One that sticks in my mind is about death. The rumour mill ran this way – even if someone had a massive coronary in the middle of Main Street USA, regardless of what the witnesses said or frankly what the pulse the person grasping their chest indicated, this person would not be declared dead until they were outside of Disney property. Why? Because no-one dies at the happiest place on earth. Got it?
This came to the forefront of my mind recently as I was discussing with a friend what my next steps were for a script project of mine.
“How long have you been pitching it?”
“About 6 months”
“6 months. And you haven’t had any interest?”
“Some interest but they haven’t followed through”
“Then put the flogger down and step away from the dead horse”
When is your script dead?
It got me thinking, when do you actually declare your script dead? Or at the very least retired. When it falls down dead at a pitch meeting? When - no matter how much you try and revive it - the premise just isn't getting interest?
If you have been pitching it and getting no where, maybe there comes a point when you take the non-performing project off your "pitchable projects" list and make room for a new one.
But when? How long is long enough to see if there is interest in your project?
To my mind I think you have to train yourself to understand when the right time to let go is FOR YOU. Sometimes you might let go too soon, sometimes too late, but hopefully you will learn when to gracefully put the script down and mumble the last rites.

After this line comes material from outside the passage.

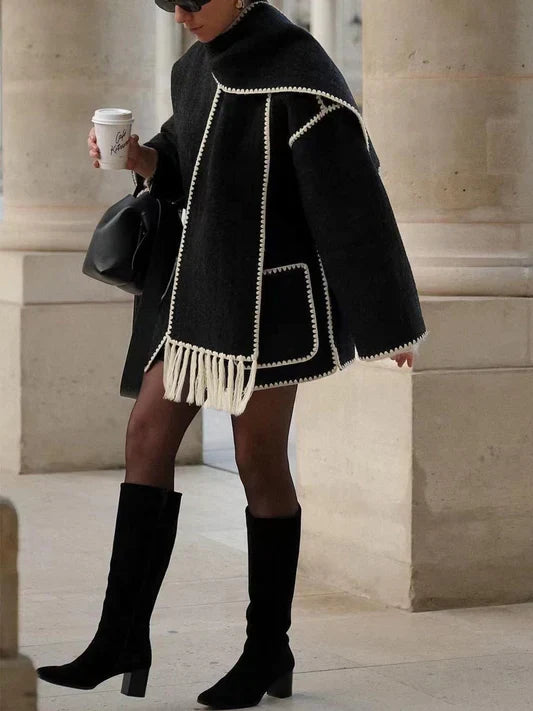 Sorvienne Oversized Blanket Stitch Scarf Coat in Black with Cream Trim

After all, it might be that the script is not dead, it's just awaiting an audience.
Dead Script, Learning Experience or Tomorrows HOT option?
Dead Script Example One – Let it die and never speak of it again - Oliver Stone, or so the story goes, wrote about ten screenplays before he sold one. He never did anything with the first ten screenplays but he sure as shit learned enough from writing them to get one sold!

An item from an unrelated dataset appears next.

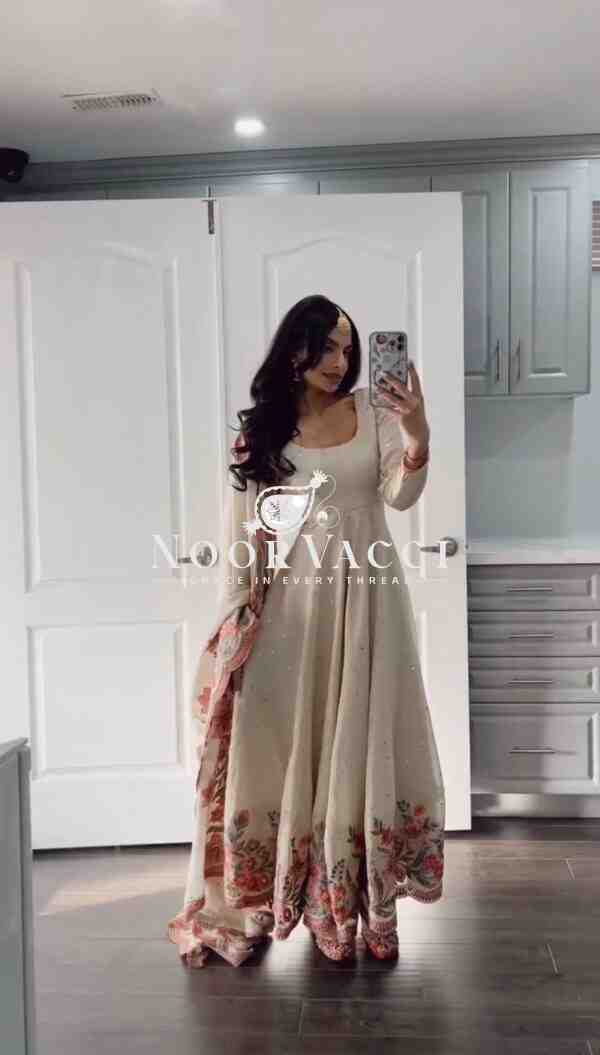 Chinon Silk Suit Set with Mukesh and Sequin Work and Dupatta - Image 2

Dead Script Example Two – The undead scripts of the overnight success - Quentin Tarantino waited until Reservoir Dogs made him HOT property before he pulled True Romance and Natural Born Killers out his drawer. Both scripts he had tried and failed to sell before, but this time with Dogs behind him they suddenly got traction and cemented his reputation.
And as to my script, you know, I'm not entirely convinced the horse has died...perhaps it has somewhat of a gammy leg but I've not actually gone hell for leather to pitch it. If I pitch it properly and by the end of the year it's still getting as much interest as a man in grey sandals at the Lib Dem conference then I'll put it in the pre-cycle pile. Deal?
Enough about me, I want to know what are your rules around when you stop pitching a script and retire it? Do you have any stead fast ways of knowing whether you should invest time and pitching opportunities in it? Care to share?